In 2019 and 2023, the Choir joined The English Concert and Harry Bicket for their annual Handel tour, performing Handel’s Semele and Solomon, respectively, in the Auditorio Nacional de Música in Madrid, the Barbican Centre in London, Cal Performances in Berkeley, Théatre des Champs Elysée in Paris, LA Opera and Carnegie Hall. The Clarion Choir has also performed regularly in recent years as part of the Live Arts series at the Metropolitan Museum of Art;. They have presented large-scale Renaissance works by Victoria, Palestrina, Tavener, Josquin, Ockeghem and Guerrero in the Medieval Sculpture Hall and the Met Cloisters.
The Choir has collaborated with other notable artists and ensembles such as Leonard Slatkin, the Orchestra of St. Luke’s, The Knights, Susan Graham, Anthony Roth Costanzo, Isabel Leonard, Angel Blue and Madonna at the 2018 Met Gala.

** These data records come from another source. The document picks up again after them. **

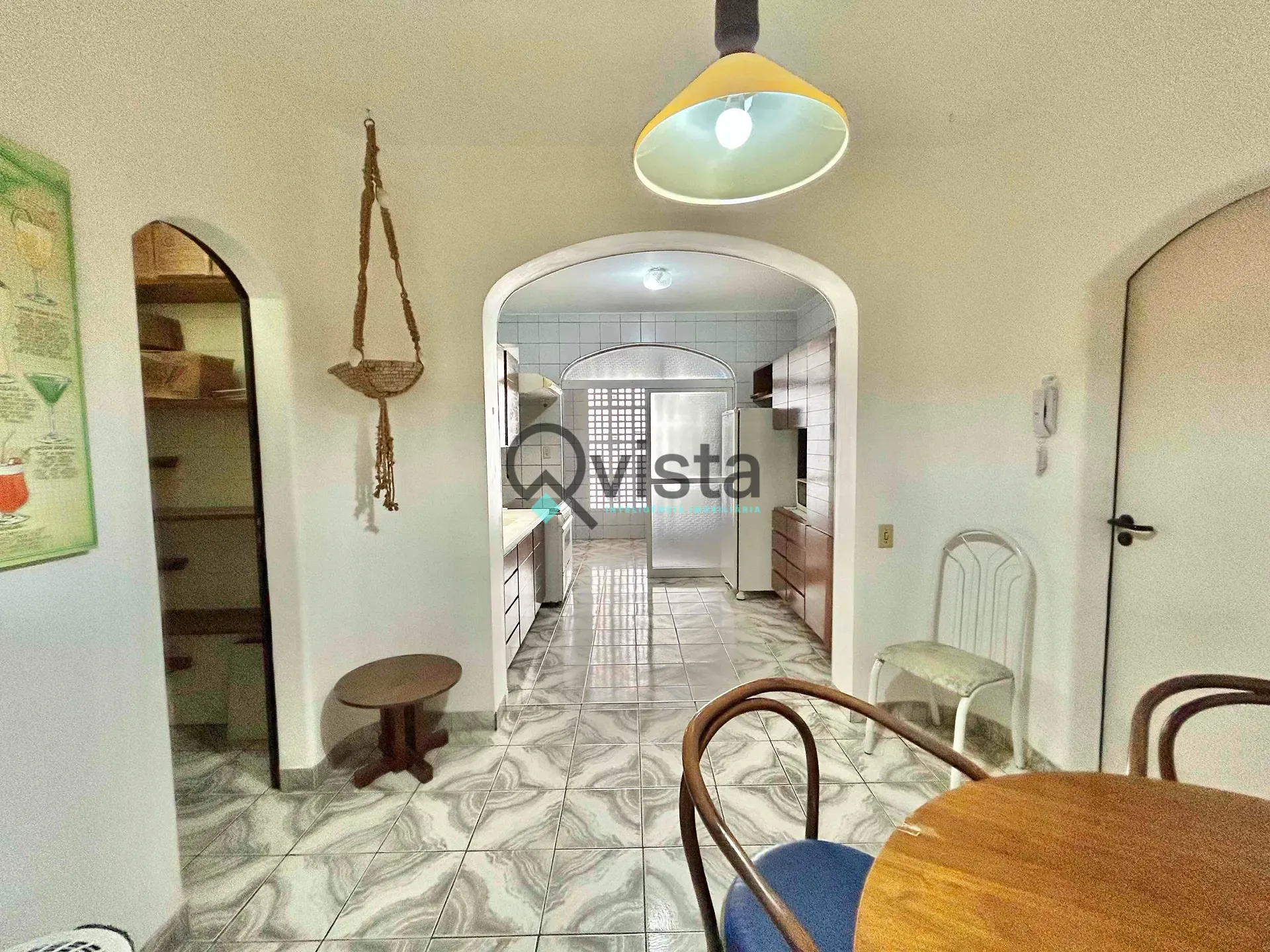 Apartamento, 3 quartos, 130 m² - Foto 23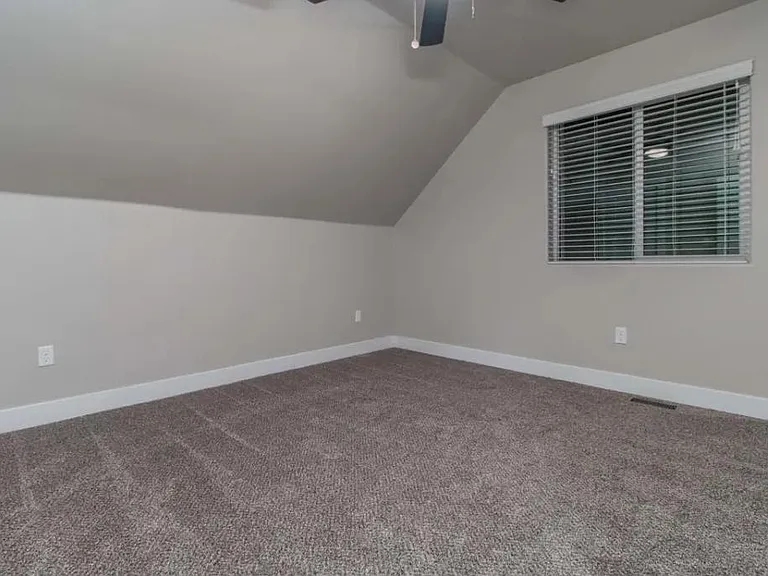 1509 W West Topaz Dr #TBD — Photo 12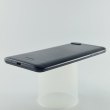 Смартфон Xiaomi Redmi 6A 2/16Gb Black USED **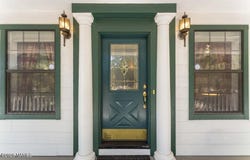 321 N Stoneman Boulevard, Williams, AZ 86046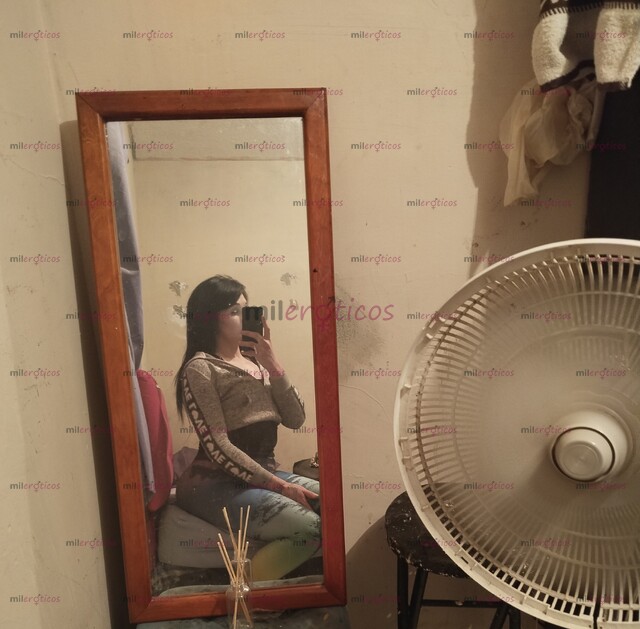 FOTOS DE HOLA JOVENCITA DISPONIBLE MUY COMPLACIENTE Y TENGO LUGAR AL NORTE DE LA CIUDAD S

The Clarion Orchestra was founded in 1957 by conductor and musicologist Newell Jenkins. Beginning on modern instruments, then switching to period instruments in the 1970s, Clarion became one of the first period ensembles with a concert series in the United States. Shortly after Jenkins’ tenure, the series had a nearly ten-year hiatus until its revival in 2006 by the Clarion Board of Directors and Steven Fox. Many of the ensemble members are acclaimed as solo and chamber musicians and serve on faculties of the Juilliard School, Mannes School of Music, Bard College, SUNY Purchase, and Yale School of Music; other members of the Orchestra are recent graduates of those programs. The Orchestra has played at Weill Recital Hall at Carnegie Hall, Alice Tully Hall at Lincoln Center, the Brooklyn Academy of Music (BAM), The Metropolitan Museum of Art, the Morgan Library, and The Frick Collection in repertoire that has ranged from the late Renaissance to the early Romantic. In 2009, The Clarion Orchestra was featured in Jonathan Miller’s fully-staged production of Bach’s St. Matthew Passion at BAM. And in the spring of 2017, the Orchestra, in collaboration with Christodora, produced its first-ever staged opera production, Mozart’s Magic Flute. The performances received critical acclaim in The New York Times, Opera News, The New York Concert Review and London’s Opera magazine, which remarked that “the generously sized period orchestra played superbly.” In recent years, the Orchestra has been a recipient of three Art Works grants from the National Endowment for the Arts.
Vincent Soyez
Steven Fox is Artistic Director of The Clarion Choir & The Clarion Orchestra. He is also the Music Director of Cathedral Choral Society, the symphonic chorus in residence at Washington National Cathedral, and a Cover Conductor to Jaap van Zweden at the New York Philharmonic. He has appeared as a guest conductor with the Baltimore Symphony Orchestra, Philharmonia Baroque Orchestra, Rochester Philharmonic Orchestra, Handel and Haydn Society, Orchestre Symphonique de Québec, Opéra de Québec, Charleston Symphony Orchestra, Julliard415, and Theatre of Early Music (Toronto).
In 2023, Steven embarked on a project to perform all of Rachmaninoff's choral works in celebration of the composer's 150th anniversary. The project, which was featured in The New York Times and BBC Music Magazine, will reach its conclusion on October 30th with a performance of Rachmaninoff's rarely-heard cantata Vesna and Three Folk Songs. He has made four recordings with The Clarion Choir of music by Steinberg, Kastalsky and Rachmaninoff, a series which has received Gramophone's Editor's Choice, a nomination for the BBC Choral Award, and four GRAMMY® nominations for Best Choral Performance.
Steven was named an Associate (ARAM) of the Royal Academy of Music and has given master classes at The Royal Academy of Music, his alma mater Dartmouth College, The Juilliard School, and Yale University, where he served for two years as a preparatory conductor of the Yale Schola Cantorum.